** Opening Information supplied block **
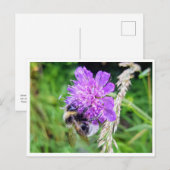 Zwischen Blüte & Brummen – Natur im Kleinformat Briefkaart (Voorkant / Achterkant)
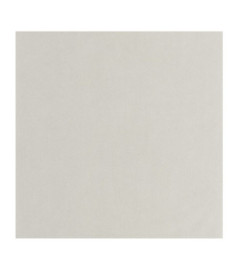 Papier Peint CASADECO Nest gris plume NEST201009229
** Closing Information supplied block **
** Opening Information supplied block **
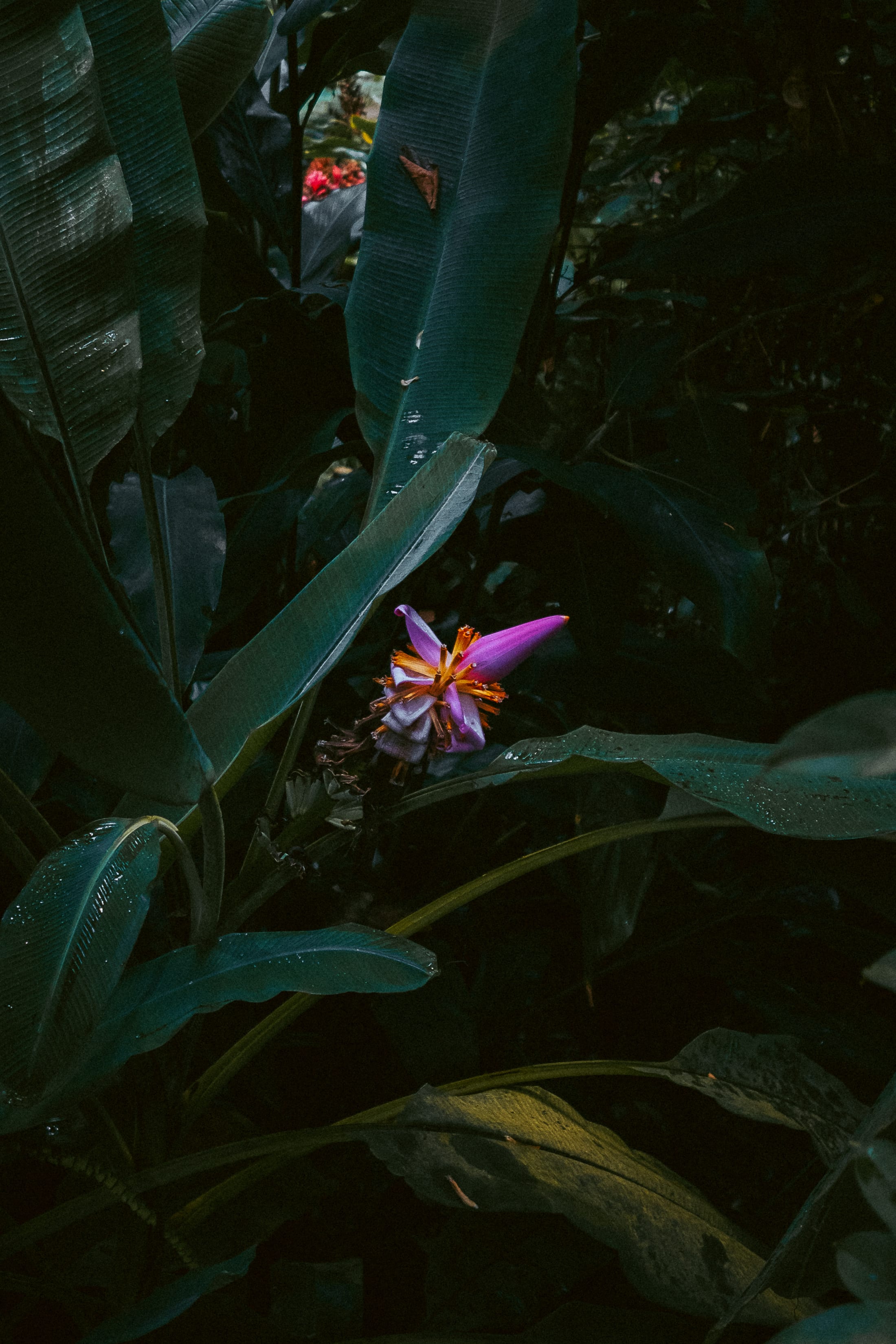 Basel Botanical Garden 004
** Closing Information supplied block **
** Opening Information supplied block **
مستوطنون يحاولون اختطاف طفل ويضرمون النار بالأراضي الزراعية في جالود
** Closing Information supplied block **
Problem description:
Nothing outside the stretch above, from the line with "Zwischen Blüte &" through the line with "Papier Peint CASADECO", is set down. Transcribe that stretch exactly, ends included, but not its pictures.

Solution for this problem:
 Zwischen Blüte & Brummen – Natur im Kleinformat Briefkaart (Voorkant / Achterkant)
 Papier Peint CASADECO Nest gris plume NEST201009229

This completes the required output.